Anna Karina est Une Femme

The Bloggomist: My Celluloid Fix
Une Femme est Une Femme (1961)

Amidst political melée in 1968, the youth and intellectuals of Paris retaliated the “authoritarian de Gaulle Republic.”  The (in)famous auteur of French New Wave, Jean-Luc Godard was recently divorced from his wife, Anna Karina, and eager to forgo marital woes with a new-found direction in his professional career.

Thus captivated by a young Maoist with a burning passion for cinema, he took refuge in the incendiary world of political passion.  This young fellow with whom Godard admired happened to be my film professor at UC San Diego, Jean-Pierre Gorin (mentioned in a previous post.)   He collaborated on five films with Godard, the greatest of these efforts resulted in the classic, Tout va bien starring Jane Fonda and Yves Montand.  With thrilling stories of revolution and romance, Gorin swept me into the lavish and seductive universe comprised of celluloid strips and had me hooked on chimeras from auteurs of the distant past.

Godard’s Love Letter
It is the year 1961 and Anna Karina’s impossibly perfect face and limpid, grey eyes made her the muse of Godard and the French New Wave movement.  Yet more than a beautiful face, Anna possessed the innate ability to toe the line between acting and non-acting with the subtlety and caprice of a butterfly.  She captivated cinephiles for decades.  Her natural style made even the staged scenes posses an earnest allure.

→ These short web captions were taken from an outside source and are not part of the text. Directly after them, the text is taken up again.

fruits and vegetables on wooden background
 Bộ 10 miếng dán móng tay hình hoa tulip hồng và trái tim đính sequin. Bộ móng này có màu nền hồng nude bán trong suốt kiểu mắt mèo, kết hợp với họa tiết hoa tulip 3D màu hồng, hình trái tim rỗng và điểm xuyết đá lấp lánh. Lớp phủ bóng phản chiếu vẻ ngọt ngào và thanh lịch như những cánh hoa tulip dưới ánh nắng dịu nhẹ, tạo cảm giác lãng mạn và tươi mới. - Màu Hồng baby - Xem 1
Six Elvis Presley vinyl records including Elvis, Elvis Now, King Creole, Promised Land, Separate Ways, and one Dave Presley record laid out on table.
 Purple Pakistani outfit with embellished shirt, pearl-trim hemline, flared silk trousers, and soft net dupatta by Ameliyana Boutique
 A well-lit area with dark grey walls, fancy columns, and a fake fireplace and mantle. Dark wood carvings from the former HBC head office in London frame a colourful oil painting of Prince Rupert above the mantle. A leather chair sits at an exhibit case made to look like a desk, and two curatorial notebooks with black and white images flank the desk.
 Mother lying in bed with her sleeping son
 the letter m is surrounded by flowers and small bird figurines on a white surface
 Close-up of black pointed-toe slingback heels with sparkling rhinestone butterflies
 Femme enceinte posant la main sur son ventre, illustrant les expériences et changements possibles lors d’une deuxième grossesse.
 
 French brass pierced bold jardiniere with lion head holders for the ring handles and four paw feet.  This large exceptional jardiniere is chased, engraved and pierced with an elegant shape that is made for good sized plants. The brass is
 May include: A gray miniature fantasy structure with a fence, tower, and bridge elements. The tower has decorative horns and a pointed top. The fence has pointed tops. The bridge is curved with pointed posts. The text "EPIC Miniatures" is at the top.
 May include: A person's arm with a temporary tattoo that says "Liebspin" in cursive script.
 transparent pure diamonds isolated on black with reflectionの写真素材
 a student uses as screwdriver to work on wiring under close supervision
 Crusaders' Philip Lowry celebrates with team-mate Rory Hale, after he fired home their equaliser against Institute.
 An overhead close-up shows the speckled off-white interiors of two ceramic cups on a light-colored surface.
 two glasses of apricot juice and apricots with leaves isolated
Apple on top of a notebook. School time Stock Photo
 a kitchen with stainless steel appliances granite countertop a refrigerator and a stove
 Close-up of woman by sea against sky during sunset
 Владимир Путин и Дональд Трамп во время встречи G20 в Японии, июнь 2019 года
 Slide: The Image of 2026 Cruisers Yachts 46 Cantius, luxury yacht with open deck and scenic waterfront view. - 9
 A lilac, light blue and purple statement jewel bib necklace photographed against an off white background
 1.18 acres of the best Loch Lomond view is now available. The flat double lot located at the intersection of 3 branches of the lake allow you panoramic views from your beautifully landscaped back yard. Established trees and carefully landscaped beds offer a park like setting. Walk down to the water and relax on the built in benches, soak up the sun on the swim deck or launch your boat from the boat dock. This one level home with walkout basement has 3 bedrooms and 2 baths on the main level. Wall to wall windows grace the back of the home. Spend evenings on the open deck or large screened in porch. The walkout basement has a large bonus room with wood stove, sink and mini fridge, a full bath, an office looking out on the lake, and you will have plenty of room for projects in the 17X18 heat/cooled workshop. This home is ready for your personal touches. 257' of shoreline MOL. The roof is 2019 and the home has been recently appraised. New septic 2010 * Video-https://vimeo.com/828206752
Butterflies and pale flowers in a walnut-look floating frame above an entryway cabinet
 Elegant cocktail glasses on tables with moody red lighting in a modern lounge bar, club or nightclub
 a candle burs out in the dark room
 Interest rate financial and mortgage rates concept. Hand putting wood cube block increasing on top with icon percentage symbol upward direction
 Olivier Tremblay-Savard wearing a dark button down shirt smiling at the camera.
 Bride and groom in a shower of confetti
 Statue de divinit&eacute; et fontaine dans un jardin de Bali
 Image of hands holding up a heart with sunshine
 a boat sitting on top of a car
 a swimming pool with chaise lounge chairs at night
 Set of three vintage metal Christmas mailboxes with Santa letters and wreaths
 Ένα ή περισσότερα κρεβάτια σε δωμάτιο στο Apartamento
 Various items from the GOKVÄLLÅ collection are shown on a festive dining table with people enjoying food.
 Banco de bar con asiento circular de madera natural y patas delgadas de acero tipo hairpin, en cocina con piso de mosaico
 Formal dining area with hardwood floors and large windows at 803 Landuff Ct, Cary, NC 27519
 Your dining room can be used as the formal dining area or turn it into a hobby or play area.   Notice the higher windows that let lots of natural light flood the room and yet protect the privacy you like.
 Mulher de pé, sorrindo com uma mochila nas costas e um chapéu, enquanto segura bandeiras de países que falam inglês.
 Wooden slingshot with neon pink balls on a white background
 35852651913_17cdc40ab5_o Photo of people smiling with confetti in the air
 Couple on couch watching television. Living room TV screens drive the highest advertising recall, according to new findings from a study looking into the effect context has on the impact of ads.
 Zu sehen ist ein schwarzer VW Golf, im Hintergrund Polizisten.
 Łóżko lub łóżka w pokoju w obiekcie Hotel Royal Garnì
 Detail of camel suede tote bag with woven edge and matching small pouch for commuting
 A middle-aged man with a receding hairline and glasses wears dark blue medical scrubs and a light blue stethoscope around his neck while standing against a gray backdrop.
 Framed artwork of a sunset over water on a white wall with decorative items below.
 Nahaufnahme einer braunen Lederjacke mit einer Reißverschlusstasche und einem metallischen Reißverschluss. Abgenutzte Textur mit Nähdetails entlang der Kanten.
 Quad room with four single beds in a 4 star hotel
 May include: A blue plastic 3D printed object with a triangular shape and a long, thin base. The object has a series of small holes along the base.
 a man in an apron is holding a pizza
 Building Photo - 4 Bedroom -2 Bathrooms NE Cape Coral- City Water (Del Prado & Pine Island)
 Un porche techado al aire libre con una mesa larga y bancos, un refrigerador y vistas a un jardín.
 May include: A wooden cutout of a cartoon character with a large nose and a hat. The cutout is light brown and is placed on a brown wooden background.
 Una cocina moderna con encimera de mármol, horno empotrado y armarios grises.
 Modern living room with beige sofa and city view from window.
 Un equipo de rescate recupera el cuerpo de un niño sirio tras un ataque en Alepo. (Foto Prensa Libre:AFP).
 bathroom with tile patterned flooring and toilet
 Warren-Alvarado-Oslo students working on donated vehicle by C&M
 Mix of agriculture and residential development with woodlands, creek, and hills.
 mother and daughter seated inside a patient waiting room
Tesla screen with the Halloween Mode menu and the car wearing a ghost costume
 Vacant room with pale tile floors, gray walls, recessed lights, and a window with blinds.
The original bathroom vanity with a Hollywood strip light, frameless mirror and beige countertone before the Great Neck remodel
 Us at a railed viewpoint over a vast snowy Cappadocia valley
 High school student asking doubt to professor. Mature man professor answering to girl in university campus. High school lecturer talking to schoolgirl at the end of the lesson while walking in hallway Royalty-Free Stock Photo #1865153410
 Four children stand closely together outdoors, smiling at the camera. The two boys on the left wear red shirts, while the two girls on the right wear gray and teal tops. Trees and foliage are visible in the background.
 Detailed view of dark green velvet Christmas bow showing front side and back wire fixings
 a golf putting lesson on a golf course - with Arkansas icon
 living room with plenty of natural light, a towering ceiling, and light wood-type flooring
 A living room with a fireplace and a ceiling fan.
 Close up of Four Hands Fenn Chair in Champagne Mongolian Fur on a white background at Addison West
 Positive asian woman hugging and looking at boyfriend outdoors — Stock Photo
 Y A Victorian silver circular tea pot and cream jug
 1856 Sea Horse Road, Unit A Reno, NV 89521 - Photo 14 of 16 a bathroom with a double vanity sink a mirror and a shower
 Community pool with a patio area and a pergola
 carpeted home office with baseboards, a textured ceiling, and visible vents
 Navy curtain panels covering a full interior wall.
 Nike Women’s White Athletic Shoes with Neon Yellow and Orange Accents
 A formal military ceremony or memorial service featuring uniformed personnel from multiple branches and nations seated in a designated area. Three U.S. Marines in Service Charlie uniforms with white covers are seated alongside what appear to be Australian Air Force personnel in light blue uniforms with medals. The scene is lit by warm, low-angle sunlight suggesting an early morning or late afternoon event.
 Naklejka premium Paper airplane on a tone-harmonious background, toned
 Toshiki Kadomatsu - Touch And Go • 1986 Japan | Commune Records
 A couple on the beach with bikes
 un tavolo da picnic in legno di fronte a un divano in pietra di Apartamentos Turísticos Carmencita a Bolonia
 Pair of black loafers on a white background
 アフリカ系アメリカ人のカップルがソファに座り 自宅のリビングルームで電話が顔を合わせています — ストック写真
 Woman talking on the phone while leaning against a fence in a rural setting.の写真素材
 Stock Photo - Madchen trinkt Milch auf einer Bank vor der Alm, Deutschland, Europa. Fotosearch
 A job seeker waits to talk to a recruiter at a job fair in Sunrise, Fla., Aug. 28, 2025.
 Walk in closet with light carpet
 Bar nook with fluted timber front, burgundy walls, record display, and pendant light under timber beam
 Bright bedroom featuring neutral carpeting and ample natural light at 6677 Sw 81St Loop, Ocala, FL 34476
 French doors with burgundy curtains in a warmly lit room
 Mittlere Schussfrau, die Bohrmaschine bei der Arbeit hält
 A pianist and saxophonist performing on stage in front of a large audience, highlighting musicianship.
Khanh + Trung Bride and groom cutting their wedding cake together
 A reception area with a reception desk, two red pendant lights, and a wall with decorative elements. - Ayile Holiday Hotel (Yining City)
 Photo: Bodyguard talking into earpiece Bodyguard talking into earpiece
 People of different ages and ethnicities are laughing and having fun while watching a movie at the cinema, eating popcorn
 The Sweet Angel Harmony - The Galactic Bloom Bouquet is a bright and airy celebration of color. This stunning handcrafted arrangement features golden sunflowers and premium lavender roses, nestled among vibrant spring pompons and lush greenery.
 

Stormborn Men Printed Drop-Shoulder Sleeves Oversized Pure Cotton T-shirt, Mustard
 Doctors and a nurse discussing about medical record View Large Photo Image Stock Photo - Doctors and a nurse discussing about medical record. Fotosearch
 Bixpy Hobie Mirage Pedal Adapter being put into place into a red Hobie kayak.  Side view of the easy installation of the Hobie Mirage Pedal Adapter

I chose this lovely clip of Une Femme Est Une Femme (A Woman is a Woman) simply because it was Godard’s personal love letter to Karina.  Her husband at the time, he adoringly directed her behind rolling cameras, perhaps musing whether the grey tone of her eyes captured that of a Velazquez or a Renoir painting. The film indulged the closet romantic in me—in the sense that it signified a blossoming love affair.  I suppose beyond that, it must’ve been a mild sexual fantasy for Godard to shoot his wife as a sultry strip dancer (an erotic fascination he’d revisit a year later in Vivre sa Vi.)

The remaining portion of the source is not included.